La recette de l’été dernier, cette fois, ne prend donc pas : il ne s’agit plus de mettre son masque de criminel pour voir la vie avec des lunettes roses et croire à nouveau en son couple, grâce à une libération inespérée des pulsions. À l’instar d’Huguette et de sa dépression post-partum qui cache un grave mal-être, la deuxième saison sera donc plus noire et incertaine que la précédente, le côté tragique prenant le pas sur le comique. Cela se traduit, notamment, par l’élimination de plusieurs personnages secondaires et le renfermement des personnages principaux sur eux-mêmes, devenus non plus une bande, mais des monades. On note aussi une multiplication des meurtres, en particulier des meurtres de personnes innocentes et de victimes collatérales à la suite de machinations toujours plus absurdes, soulignant d’une manière qui ne peut être qu’intentionnelle la gratuité de toute cette violence, abordée de manière plus « bon enfant » lors de la première saison. Adoptant un style visuel proche du gore réaliste du Nouvel Hollywood – où l’on reconnaît la signature d’Aubert –, la deuxième saison de C’est comme ça que je t’aime, dans ses meilleurs moments, cherche ainsi à placer le téléspectateur dans une posture paradoxale, alors que son « plaisir coupable » est d’un même coup accentué puis critiqué. En raison de cette bonification de la violence, il n’est plus possible d’apprécier au premier degré la série sans se remettre soi-même en question, comme le feront eux-mêmes tous les personnages.
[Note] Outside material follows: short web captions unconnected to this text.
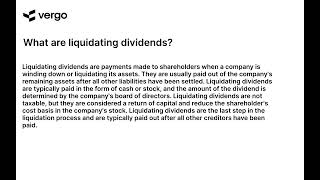 Understanding Liquidating Dividends [upl. by Kelcie]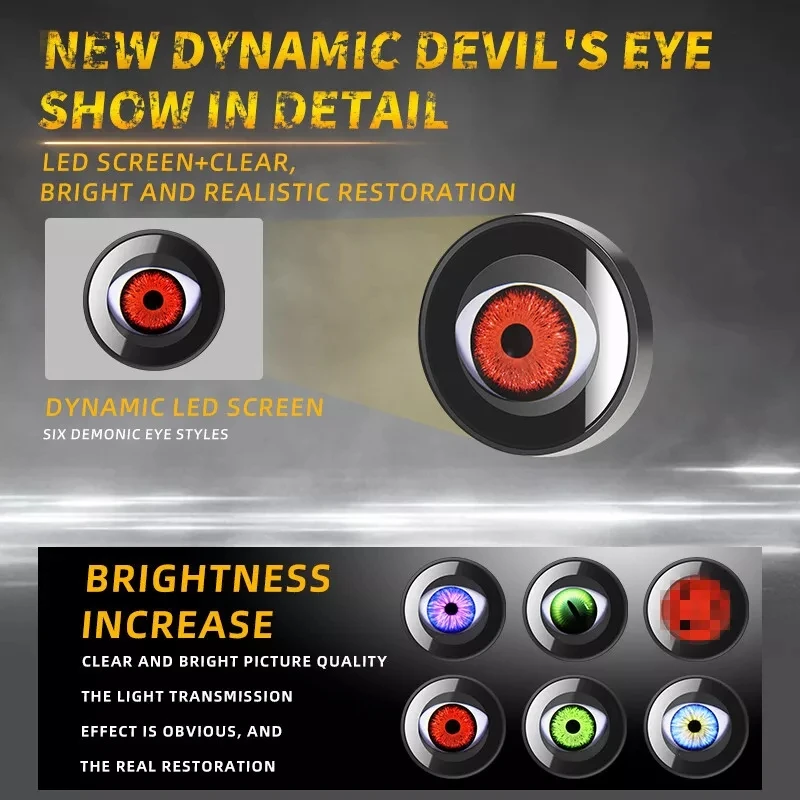 2pcs LED Dynamic Devil Eyes Lights 12V Car Remote Control Headlight Retrofit Kit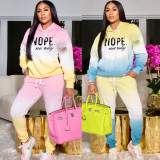 Letter Print Gradient Hooded Sweatshirt Two Piece Pant Set XHSY-19525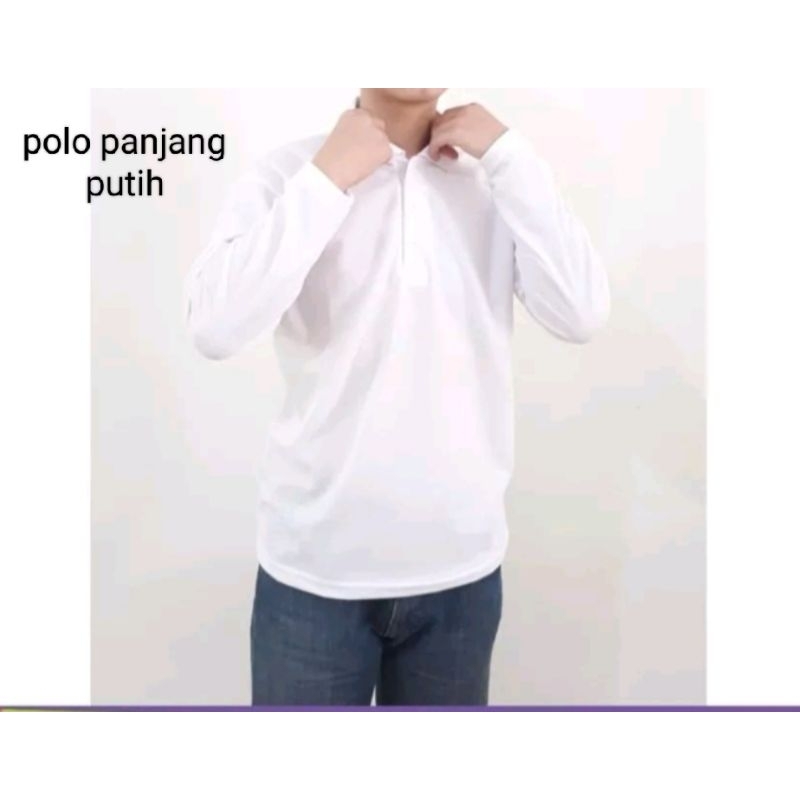 kaos kerah panjang polos/polo shirt panjang/kaos kerah polos unisex/kaos polo shirt panjang putih/ka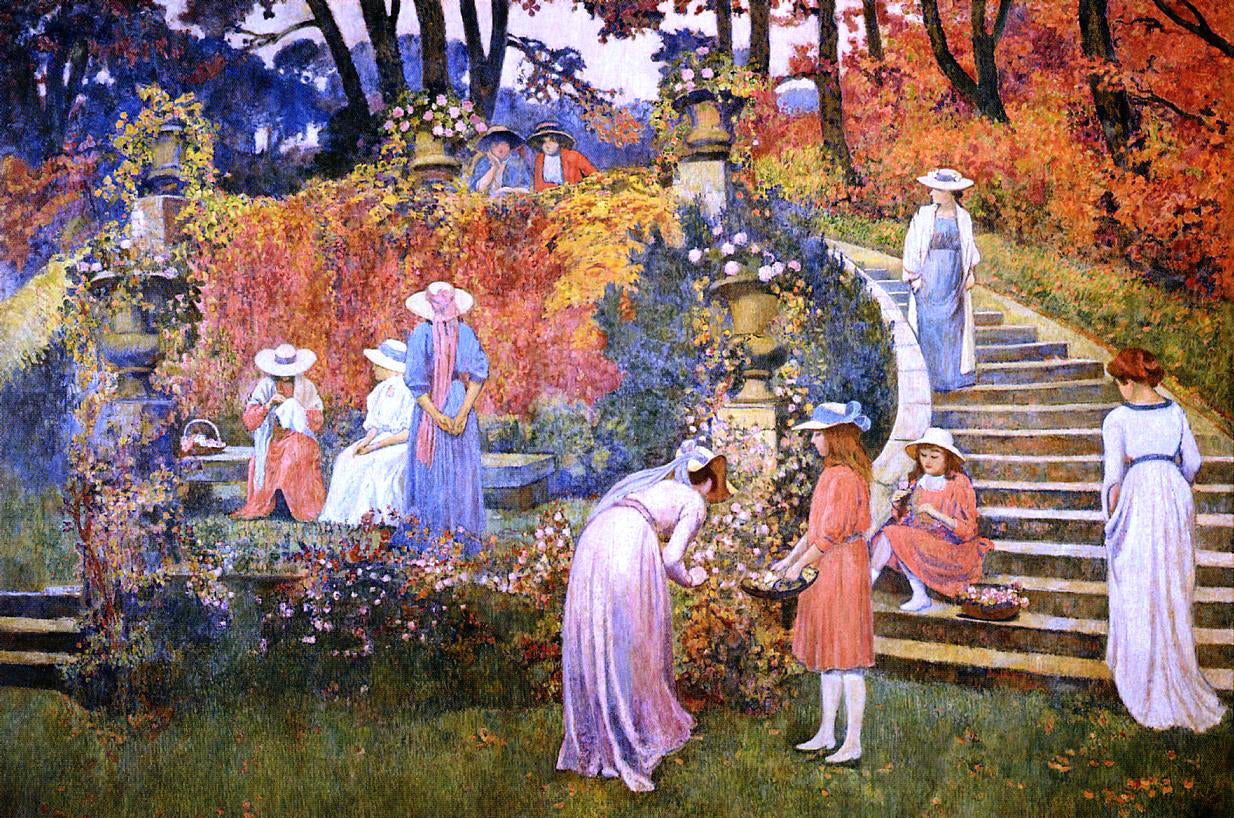 Theo Van Rysselberghe The Garden of Felicien Rops at Essone - Hand Painted Oil Painting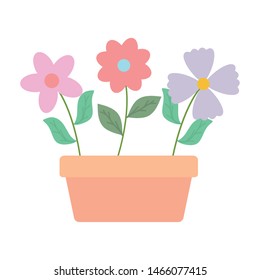 flowers and leafs garden in square ceramic pot decoration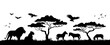 © Larisa - Silhouette of animals and birds in the savannah. African landscape scene. Vector horizontal seamless tropical background with lions, zebras and flying birds. Black isolated silhouette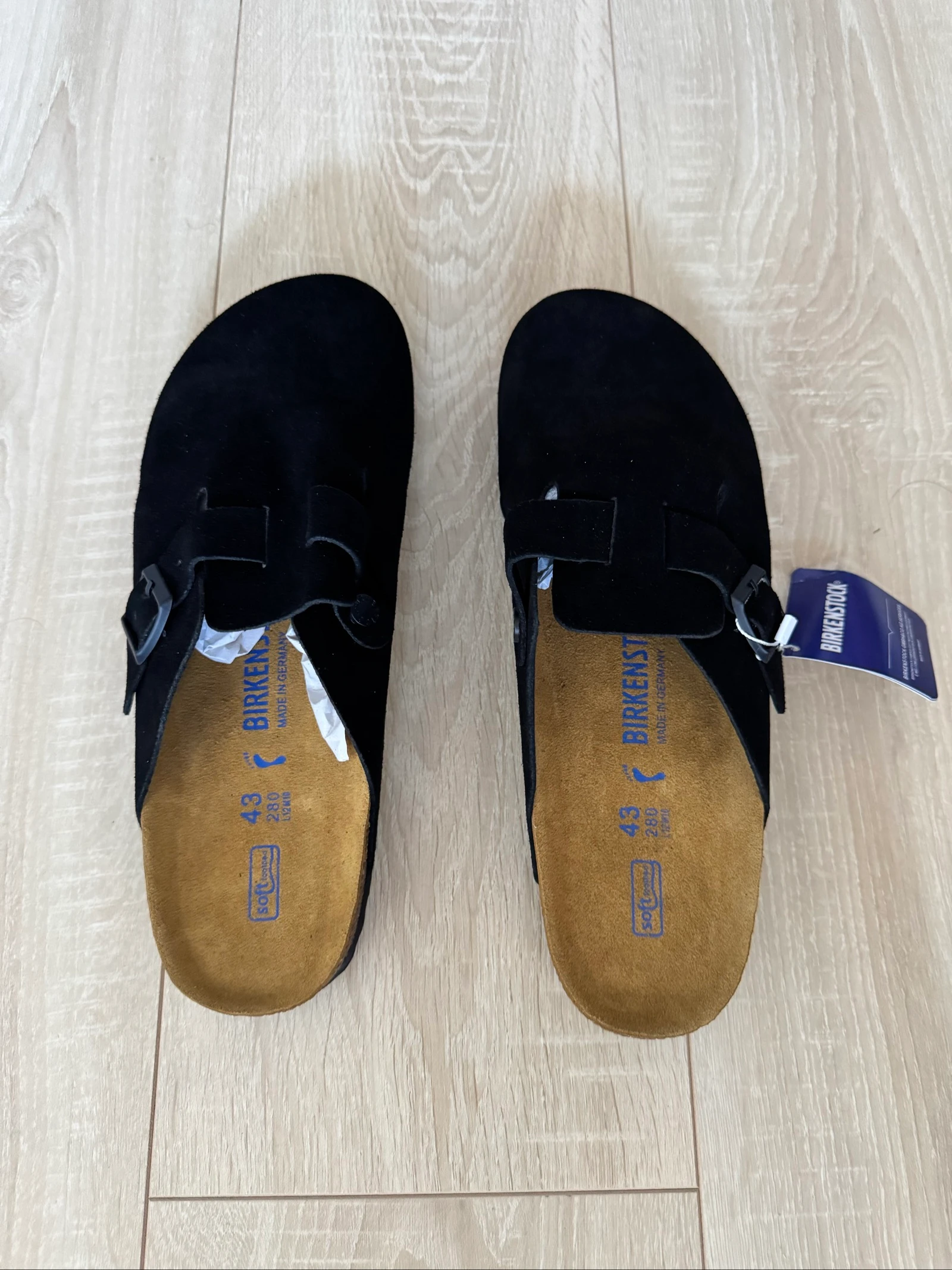 Birkenstock Boston Daim Noir T43 NEUVES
Cette radicalisation de la série s’enracine également dans le contexte social particulier à cette nouvelle saison, aux thèmes plus ouvertement « militants » que la première. C’est que le récit, qui se déroule en 1975, aura pour trame de fond historique l’Année internationale de la femme. « Moi je pensais vraiment qu’en 1974 on avait tout vu… Mais on n’avait rien vu », dit le journaliste Marcel Sévigny (Guy Vaillancourt) en regard caméra, au début du premier épisode, laissant présager ce qui s’en vient. Sous le signe de la « révolution féministe » et de la « lutte contre le patriarcat », la série, dans un geste assez pernicieux, va même proposer que l’origine de cette violence est d’abord et avant tout féminine : la plupart des meurtres, en effet, sont commis ou manigancés par Huguette et par Grazia (Charlotte Le Bon), dite « la Mante religieuse », Némésis montréalaise de la grande caïde de Sainte-Foy, dont elle incarne le double inversé (notamment dans le rapport à la maternité, comme on le découvre lors d’un moment clé de la finale). Si Gaétan se découvre une passion pour le meurtre à l’arme blanche, c’est aussi seulement après avoir accepté son rôle de femme au foyer. « J’aime ça, tu développes ton côté féminin », lui dira par ailleurs Lucien (Jean-François Provençal), dans un autre commentaire qui pourrait s’appliquer à la saison en entier.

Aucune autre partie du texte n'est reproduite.